PROBLEM TO SOLVE: All lines at and after the one containing "New Era Dallas", up to the end of the listing below, are to be printed exactly, with the pictures omitted.

TASK MATERIAL:
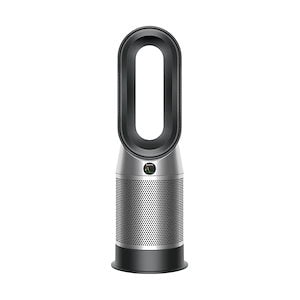 【即納】Dyson(ダイソン) ヒーター 空気清浄機 Dyson Purifier Hot + Cool Gen1 空気清浄ファンヒーター 扇風機 サーキュレーター (HP10 BN) ブラック／ニ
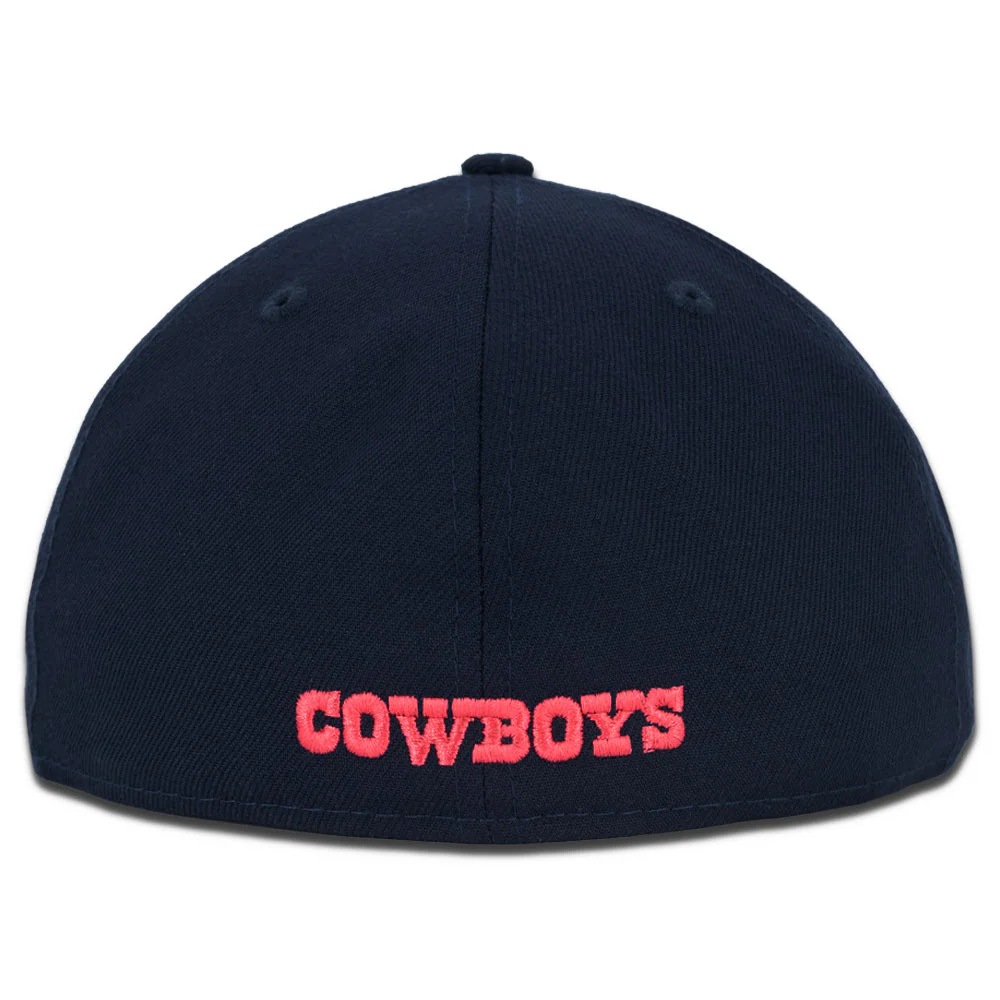 New Era Dallas Cowboys Stardust 59FIFTY Fitted Hat - Image 4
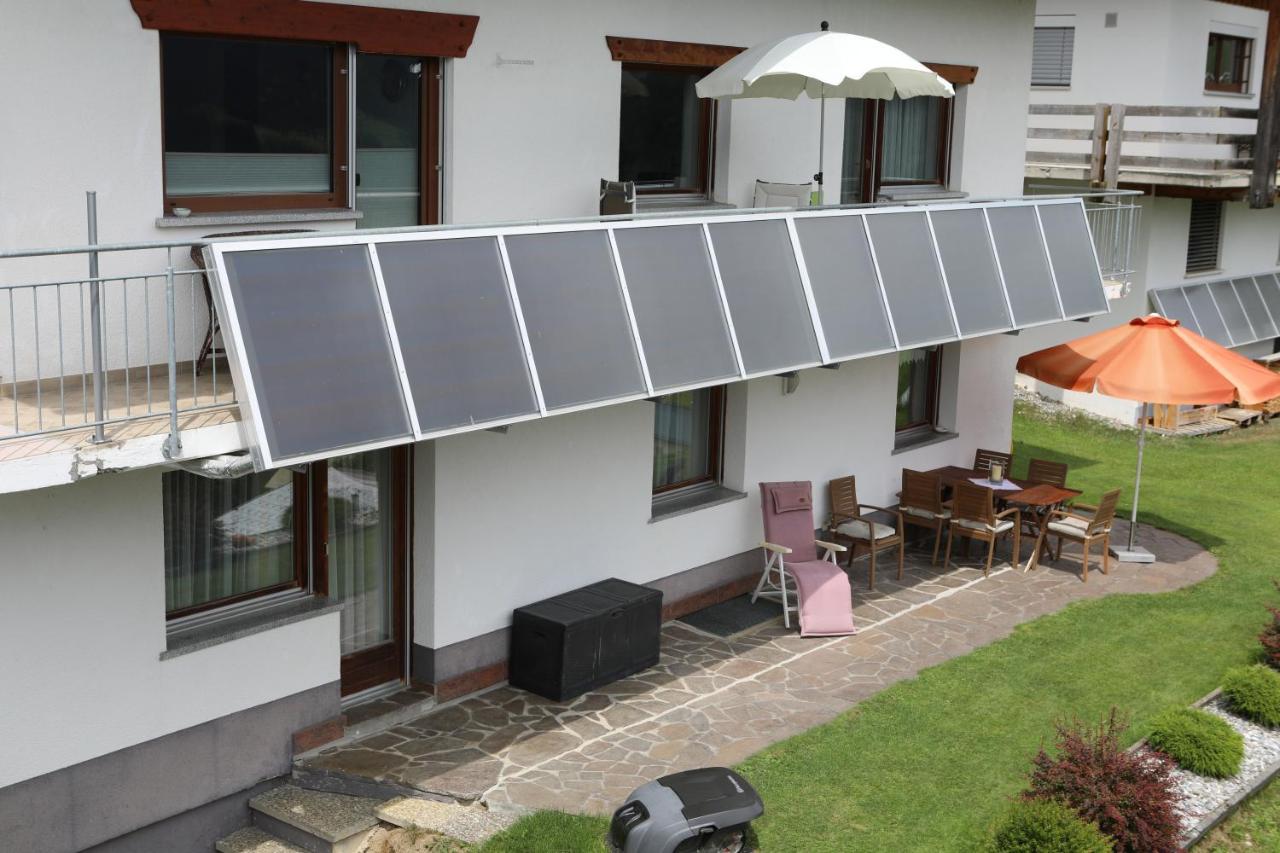 Haus Resi Daire Fontanella Dış mekan fotoğraf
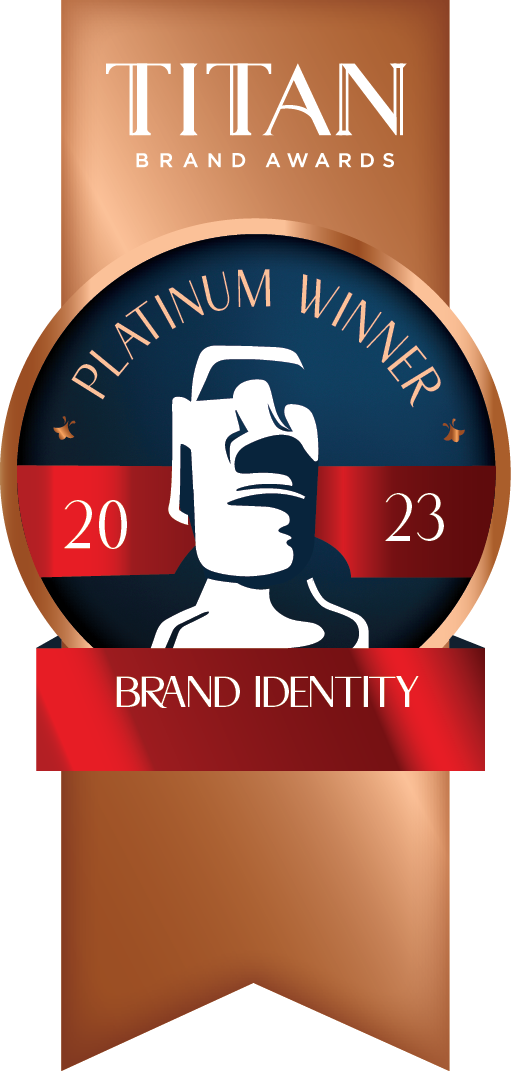 Titan Brand Platinum Winner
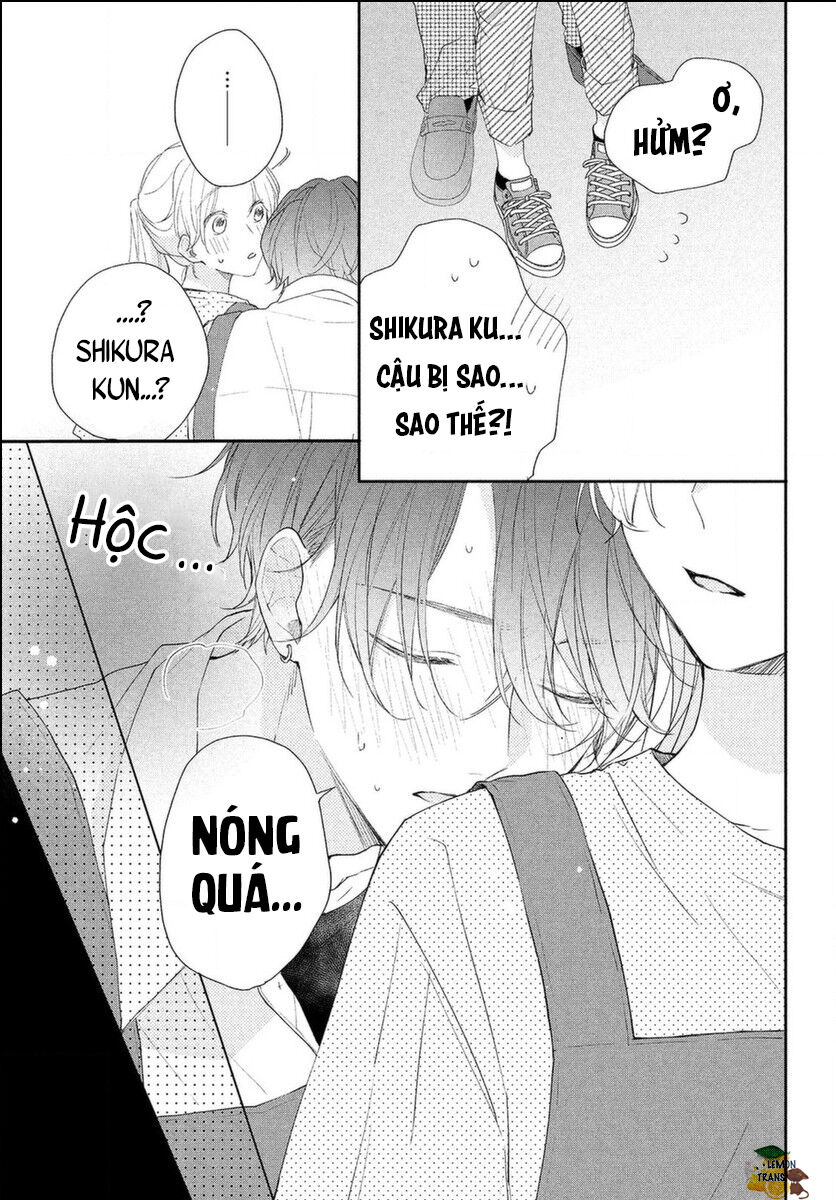 Tôi Chưa Từng Biết Rằng Cậu Ấy Lại Dễ Thương Tới Vậy Chapter 4 - 14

WRITTEN SOLUTION:
 New Era Dallas Cowboys Stardust 59FIFTY Fitted Hat - Image 4
 Haus Resi Daire Fontanella Dış mekan fotoğraf
 Titan Brand Platinum Winner
 Tôi Chưa Từng Biết Rằng Cậu Ấy Lại Dễ Thương Tới Vậy Chapter 4 - 14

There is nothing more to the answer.